> _What to do_
Print every record exactly.

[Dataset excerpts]
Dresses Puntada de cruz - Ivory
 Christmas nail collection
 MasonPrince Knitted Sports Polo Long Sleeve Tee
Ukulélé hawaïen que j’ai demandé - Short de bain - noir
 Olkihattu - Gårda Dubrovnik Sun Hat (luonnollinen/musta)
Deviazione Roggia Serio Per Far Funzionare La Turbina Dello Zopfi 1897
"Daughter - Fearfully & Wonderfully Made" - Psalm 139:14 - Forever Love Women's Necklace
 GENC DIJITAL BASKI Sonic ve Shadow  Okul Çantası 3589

> _Finished exercise_
Dresses Puntada de cruz - Ivory
 Christmas nail collection
 MasonPrince Knitted Sports Polo Long Sleeve Tee
Ukulélé hawaïen que j’ai demandé - Short de bain - noir
 Olkihattu - Gårda Dubrovnik Sun Hat (luonnollinen/musta)
Deviazione Roggia Serio Per Far Funzionare La Turbina Dello Zopfi 1897
"Daughter - Fearfully & Wonderfully Made" - Psalm 139:14 - Forever Love Women's Necklace
 GENC DIJITAL BASKI Sonic ve Shadow  Okul Çantası 3589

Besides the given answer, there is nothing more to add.